どうらく息子とは、銅楽師匠の弟子たちのことで、惜春亭一門には真打ちの兄弟子小銀と志ん銅、二つ目の錫楽、前座の姉弟子の銅ら美がいて、翔太は銅ら壱という名前を頂いて、高座に上がる日を目指して前座修業を始める。
弟子入り志願から困難であり、さらに弟子として入門してからは、更に厳しい教えの数々が銅ら壱に降りかかる。落語家の前座の大変さ、そして芸の道の厳しさがユーモアも交えて語られる。
作中には様々な落語が登場し、それは、物語の人物たちの心情やその時の状況を代弁するかのように語られて、人情あふれる帰結へと導かれていく。
噺屋は言葉で商売してるんだから、いくら気を配っても配りすぎるということはない。
という台詞が出てくるが、これは文章を書く人全てに当てはまることである。私もテニヲハをよく間違える。あまり推敲しないせいでもあるけれども、これは読む人に対して失礼に当たるため、気をつけたいと思っている。
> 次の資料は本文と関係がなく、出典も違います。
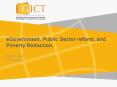 eGovernment, Public Sector reform, and Poverty Reduction. PowerPoint PPT Presentation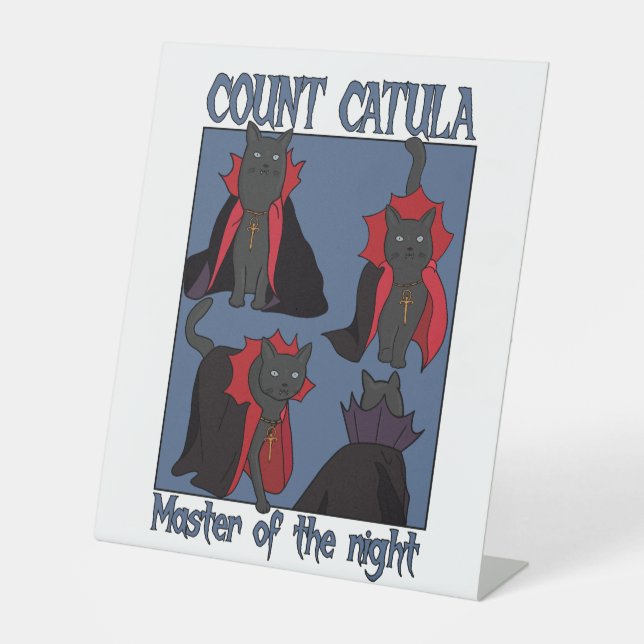 Count Catula Master of the Night Pedestal Sign (Front)
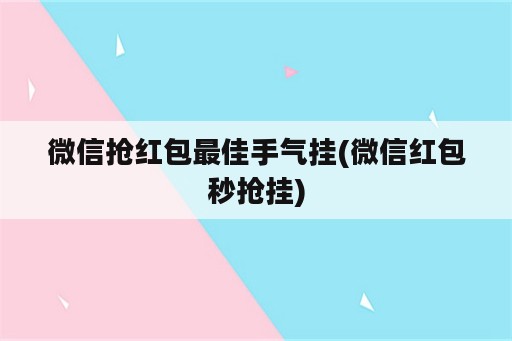 微信抢红包最佳手气挂(微信红包秒抢挂)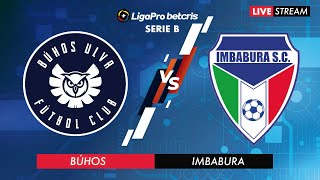 BÚHOS VS IMBABURA  EN VIVO CAMPEONATO ECUATORIANO  SERIE B [upl. by Aisilef444]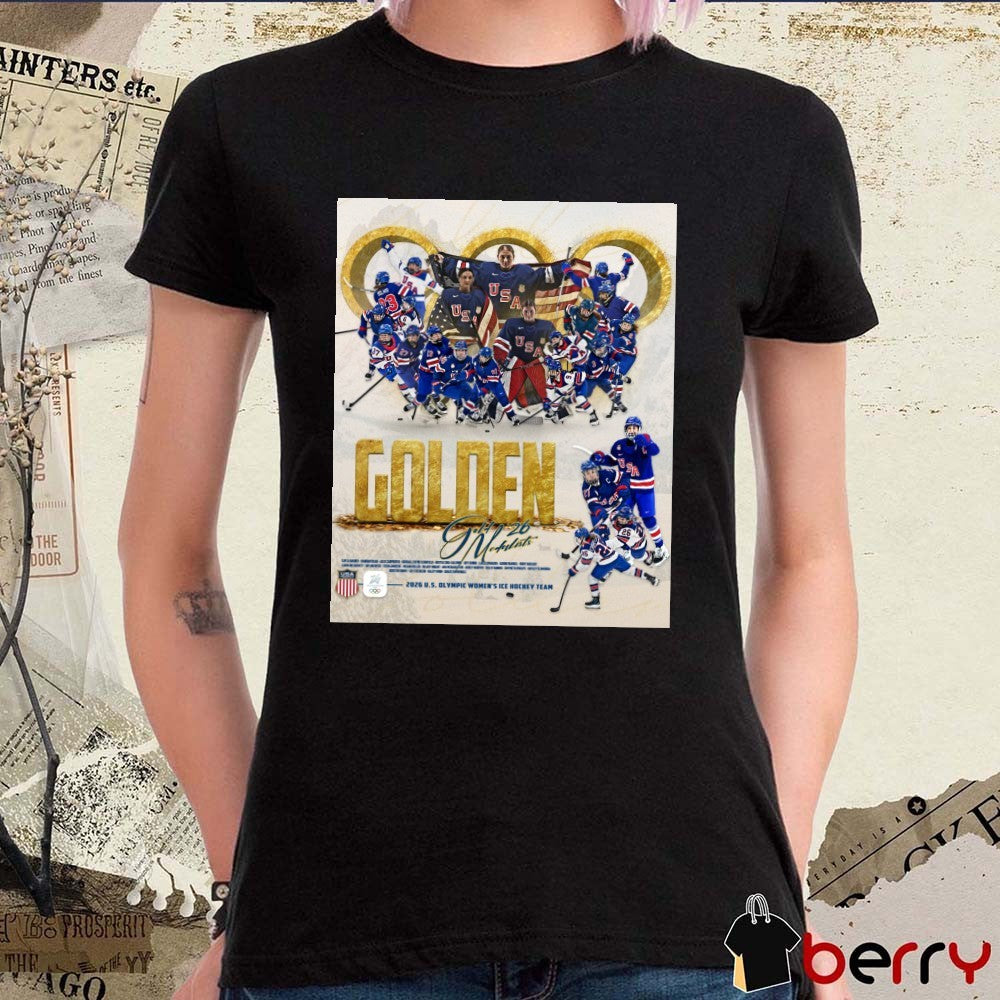 USA Golden Medalists 2026 US Olympic Women’s ICE Hockey Team t-shirt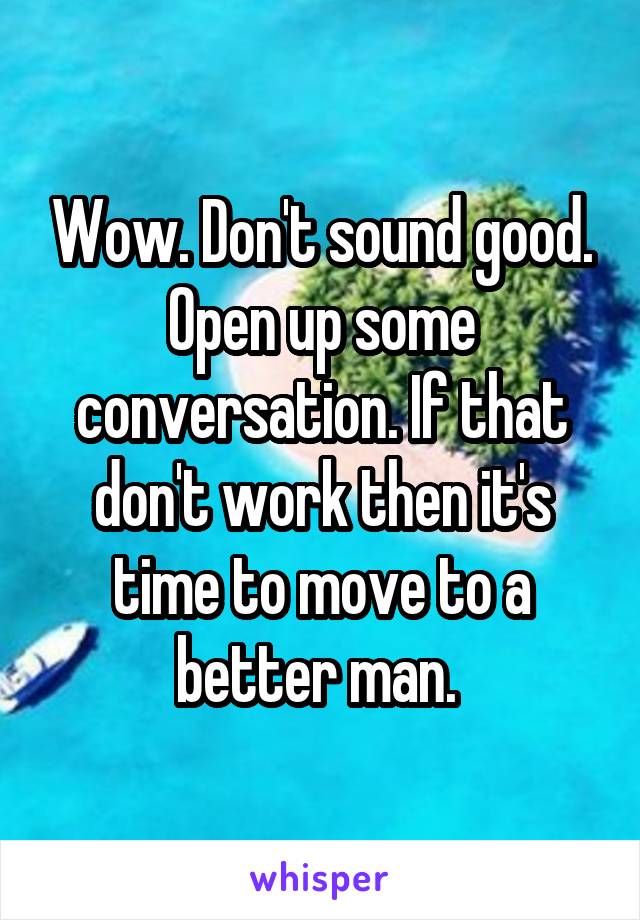 Wow. Don't sound good. Open up some conversation. If that don't work then it's time to move to a better man. 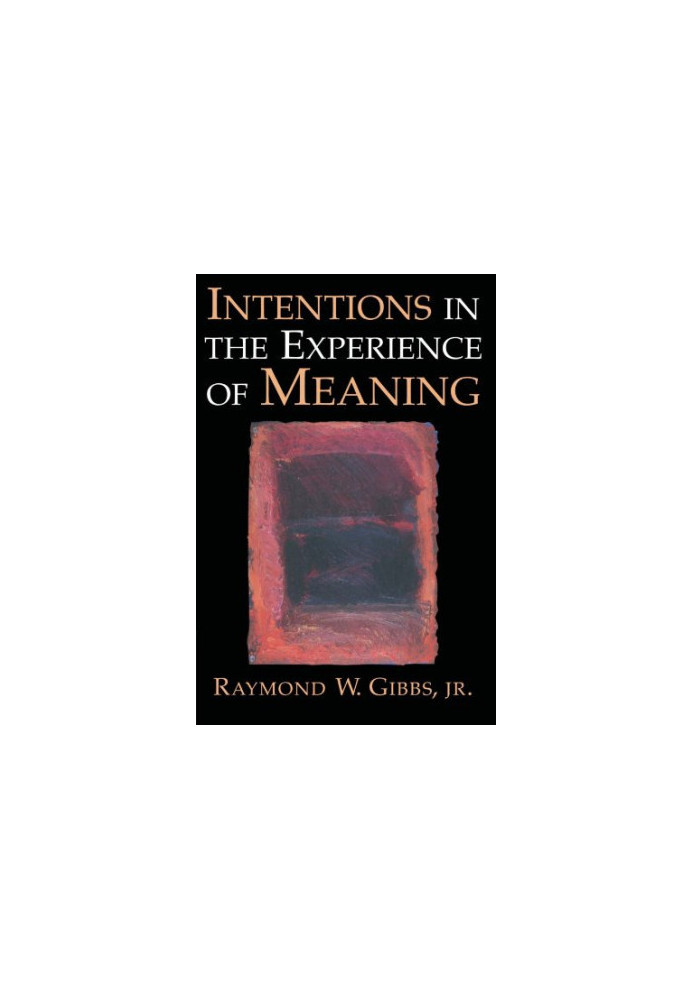 Intentions in the Experience of Meaning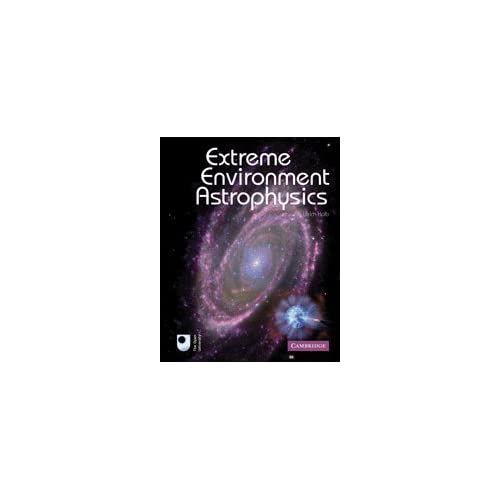 Extreme Environment Astrophysics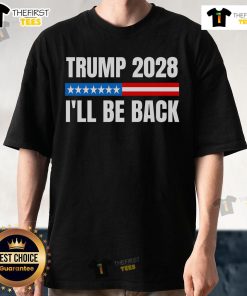 Alt Text: Official Donald Trump 2028 Election T-Shirt with 'I'll Be Back' slogan, perfect for supporters of Trump 2028.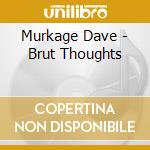 Murkage Dave - Brut Thoughts cd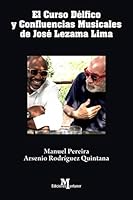 Curso d?lfico y Confluencias Musicales de Jos? Lezama Lima : Ensayo 1091919534 Book Cover
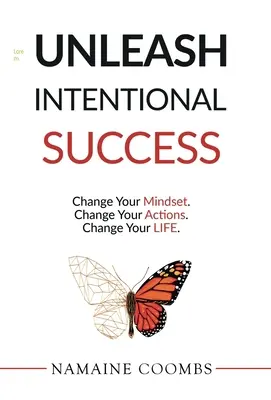Uvoľnite zámerný úspech: Zmeňte svoje myslenie. Zmeňte svoje konanie. Zmeňte svoj život. - Unleash Intentional Success: Change Your Mindset. Change Your Actions. Change Your Life.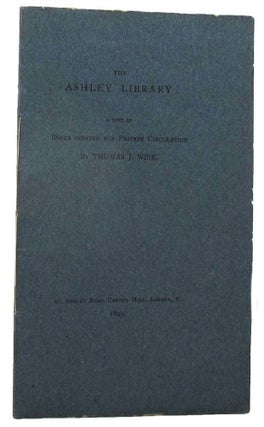 Item #157601 THE ASHLEY LIBRARY. Thomas J. Wise, Compiler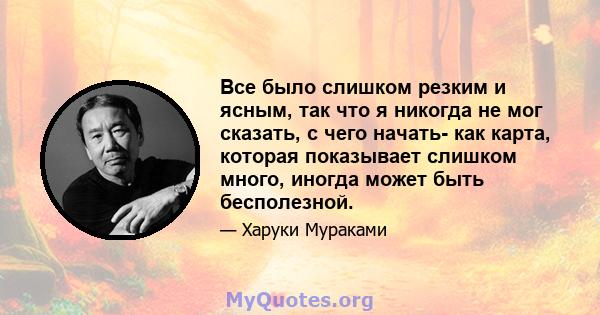 Все было слишком резким и ясным, так что я никогда не мог сказать, с чего начать- как карта, которая показывает слишком много, иногда может быть бесполезной.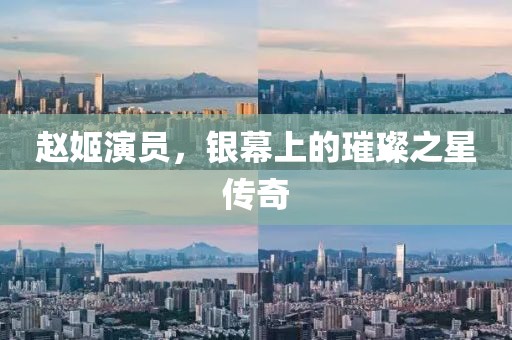 趙姬演員，銀幕上的璀璨之星傳奇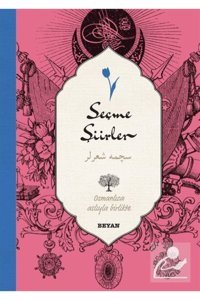 Beyan Yayınları Seçme Şiirler-antoloji (İKİ DİL (ALFABE) Bir Kitap-osmanlıca-türkçe)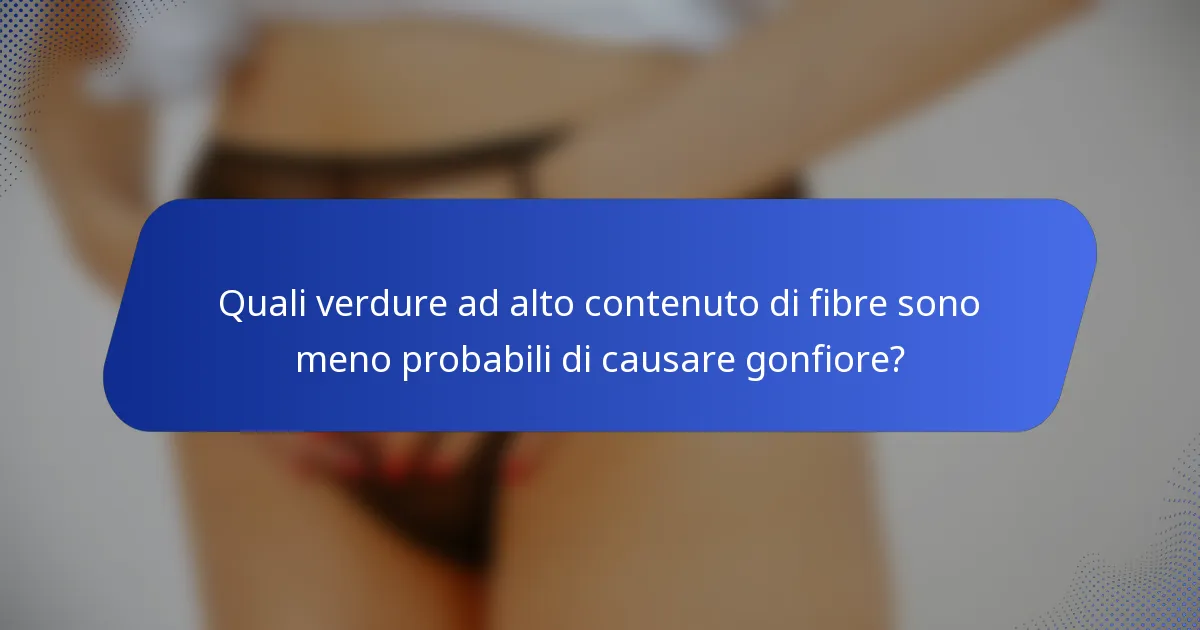 Quali verdure ad alto contenuto di fibre sono meno probabili di causare gonfiore?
私は、この作品は若い人にこそ読んでほしい。どの業界でも、若い人は自尊心が強いので、少々のことでへこたれてしまうが、周りの説教というのは、基本的には大抵の人が思っている共通認識であり、反対に優しさである。大事な局面で恥をかかないように、指導してくれている節もあるのだ。説教や注意など、誰しも出来れば言いたくないし、ストレスにもなりえるものだ。説教はムカつくが、然し、大切なことを教えてくれてもいるのである。
そうして、作中の銅ら壱もまた、段々と仕事が熟れてきて、周りも彼に対して段々と柔らかくなってくる。一人前になってきたと、そうなると、周りは自然と説教をしなくなってくる。対等だと認め始める。
然し、そうして少し隙が出来ると、大ぽかをやらかしてしまう。これは、重要なことである。話は『バガボンド』に飛ぶが、武蔵が一乗寺下り松での吉岡一門70余名との決闘の中、初めは死を意識して乗り込んだ闘いに対して、残り十名を切った頃に、生きて帰れるかもと、先を見てしまう。この瞬間、武蔵は油断を突かれて刀を叩き落されてしまうのだが、私はこのシーンは汎ゆることで言えると思う。油断は、終わりを迎えるその前にやってくる。完遂するまで、気を抜いてはいけないのである。
『どうらく息子』は銅ら壱という噺家を目指した青年の物語であり、銅ら美を筆頭にした女性噺家の物語であり、更には売れない落語家錫楽が這い上がる物語でもあり、他にも様々な落語家たちの人情味溢れる物語でもある。
特に、中盤から登場する不良落語家で真打ちの走馬灯夢六はこの物語の推進力になっていて、ほぼ重要な話は彼に降りかかる。
落語も様々な話が誌上に再現されるが、今作で重要な作品は廓噺の『紺屋高尾』と『文七元結』であり、それは物語と主人公の落語家としての成長を見事に交差させていて、美しいカタルシスを生んでいる。
非常に読みやすく、落語の世界にも親しみを持てる作品で、オススメでございます。